No están solas
Nombrarlos a todos para decir: este cuerpo podría ser el mío.
El cuerpo de uno de los míos. Para no olvidar que todos los cuerpos
sin nombre son nuestros cuerpos perdidos. Me llamo Antígona González
y busco entre los muertos el cadáver de mi hermano.
Antígona González, Sara Uribe
¿Qué festejamos el 10 de mayo? ¿Qué tipo de celebración puede hacerse cuando tantas madres en nuestro país buscan a sus hijas e hijos desaparecidos? ¿Cuando tantas conviven de manera desgarrada con las ausencias de sus seres amados, del más amado de los seres: el propio hijo, la propia hija? De verdad, ¿qué festejamos?
Hace apenas unos días, el 2 de mayo pasado, fue asesinada, en el estado de Guanajuato, Teresa Magueyal: era parte del colectivo Una Promesa por Cumplir y buscaba a su hijo José Luis, desaparecido el 6 de abril de 2020. No es la primera “madre buscadora” asesinada. El compromiso de vida de estas mujeres, su lucha permanente, su exigencia de justicia resultan molestos para muchos. Desde el más sonado de los casos, el de Marisela Escobedo, muerta a balazos en diciembre de 2010, otros nombres se han sumado a la atroz lista. ¿No deberíamos recordarles a los criminales que por cada una de ellas somos miles las mujeres que seguiremos la lucha? ¿No deberíamos recordarles que –como canta Vivir Quintana– “si tocan a una, respondemos todas”?… todos los cuerpos sin nombre son nuestros cuerpos perdidos… Ellas, las “madres buscadoras”, han convertido el dolor en valentía. “¡Hasta encontrarte!”, gritan. “¿Dónde están?”, preguntan. “Vuelve a mí”, “Justicia”, “Nada que celebrar” dicen los carteles que portan en cada marcha. Las lágrimas y la fuerza del amor las acompañan.
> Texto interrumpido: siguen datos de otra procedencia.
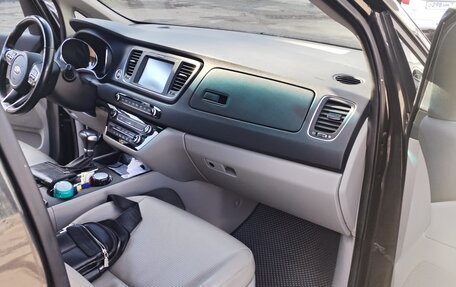 KIA Carnival III, 2018 год, 2 550 000 рублей, 4 фотография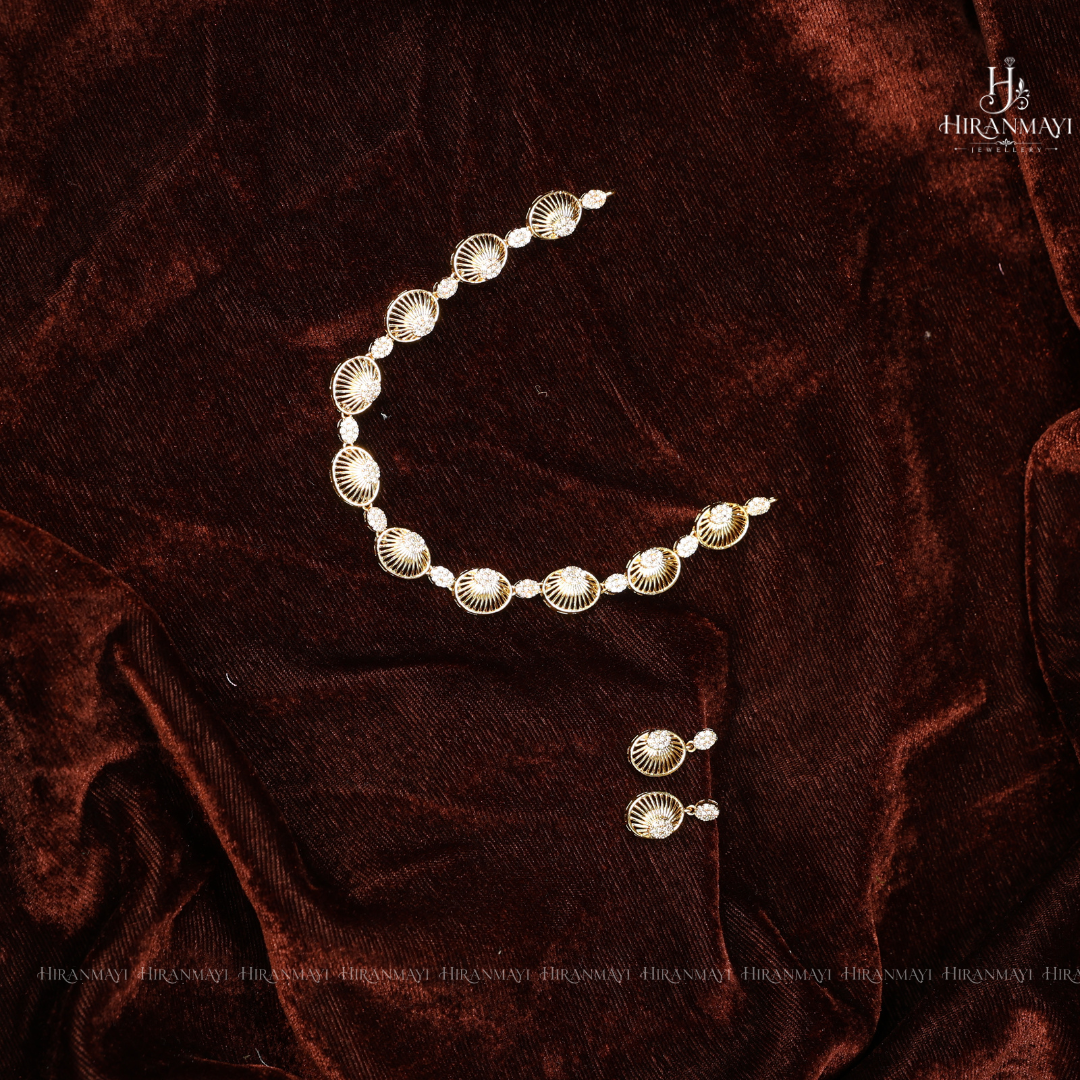 Shell model stone studded necklace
Las cifras provocan escalofríos: más de 400 mil muertos, más de 105 mil desaparecidos, casi 30 mil feminicidios en los últimos diez años, y miles de desplazados. Frente a esta catástrofe, Antígona está aquí, entre nosotrxs, con una pala, con una varilla, con una cubeta, con un pequeño cepillo para quitarle el polvo a un hueso recién hallado. Es el nuestro un país de Antígonas, cientos y cientos de ellas que buscan los cuerpos amados.
El horror de la desaparición es no tener certeza de qué ha sucedido con nuestro ser querido: ¿está vivo, está muerto, vive esclavizado en algún lado, lo han torturado durante todos estos años? Imposible hacer el duelo que toda persona merece. ¿Cómo sin cuerpo?
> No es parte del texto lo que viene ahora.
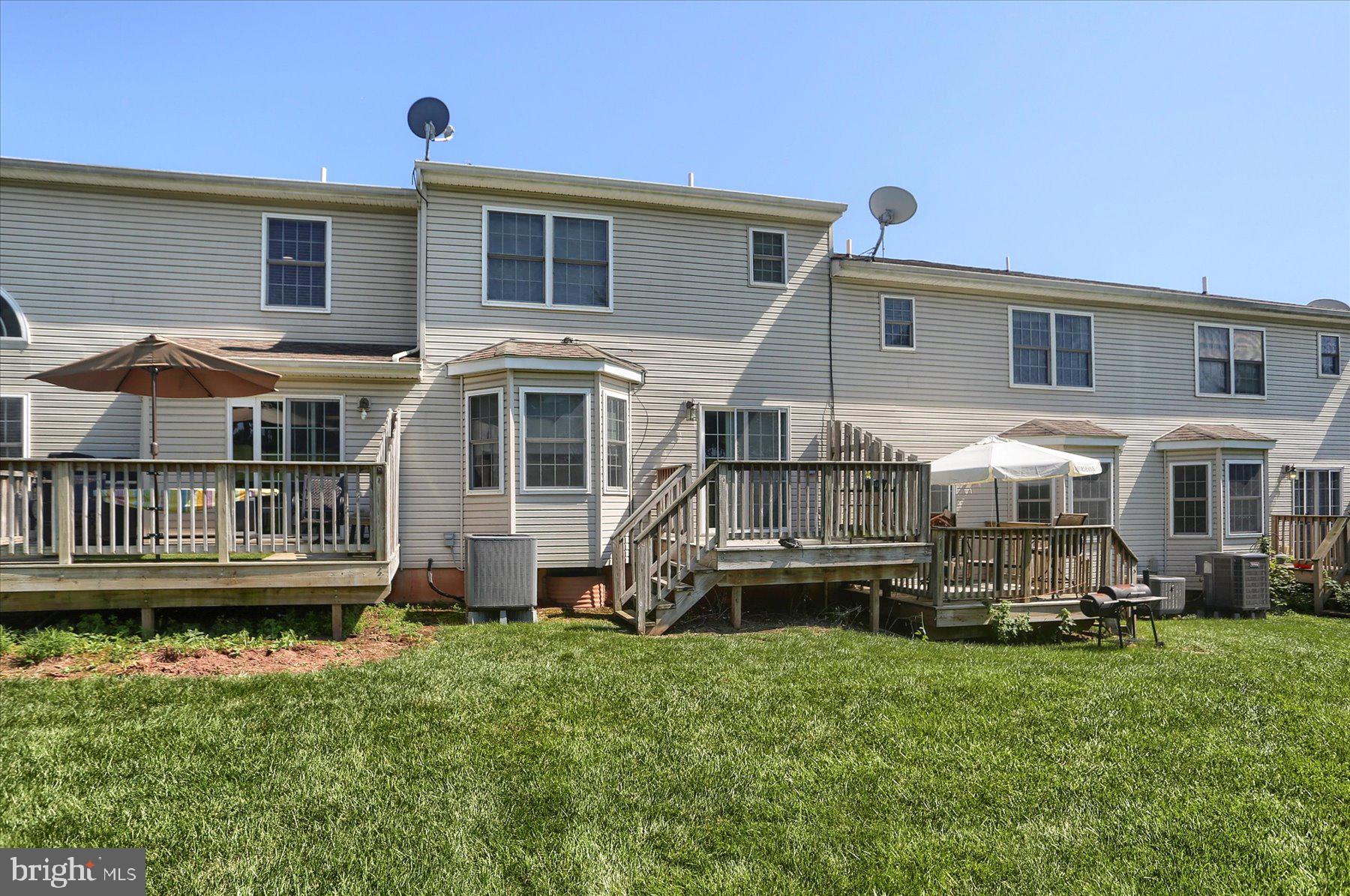 TOWNES ON THE GREEN - Residential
No hay duda: vivimos en una tierra inclemente. Una tierra de “cuerpos sin nombre y nombres sin cuerpo”. “¿Qué país es éste, Agripina?”, le preguntaba aquel hombre a su esposa, sentada en la iglesia con uno de sus niños sobre las piernas, el día en que llegaron a ese pueblo llamado Luvina.
¿Qué país es éste?, escribió Juan Rulfo en uno de los cuentos más desolados que se han escrito en nuestra lengua. Qué país es éste en que cualquiera –yo, tú, ellas y ellos– puede esfumarse, “desaparecer”, deshacerse en el aire atroz que respiramos.
Qué país es éste donde, ante la insuficiente respuesta del Estado, las madres y los padres tienen que organizarse por sí mismos para salir a buscar en más de 4 mil fosas clandestinas con la esperanza de que allí, en alguna de ellas, esté el cuerpo de su hija o de su hijo. Cuando encuentran una de estas fosas se abrazan en torno a esos cuerpos amados. El hijo de una es el hijo de todas. Reliquias sagradas.
Las cicatrices nos unen, nos hermanan. Los huesos, los restos, esas dolidas reliquias, los “tesoros” (así comenzaron a llamar las madres de Sinaloa a los restos que hallaban en la búsqueda de sus propios desaparecidos) están en el abrazo tibio pero quebrado para siempre de nuestras Antígonas.
De verdad, ¿qué tenemos que festejar el 10 de mayo? El único festejo posible es aquel que nos lleve gritar junto a todas las madres que salgan a las calles ese día con su dolor, su amor y su furia: “No están solas”.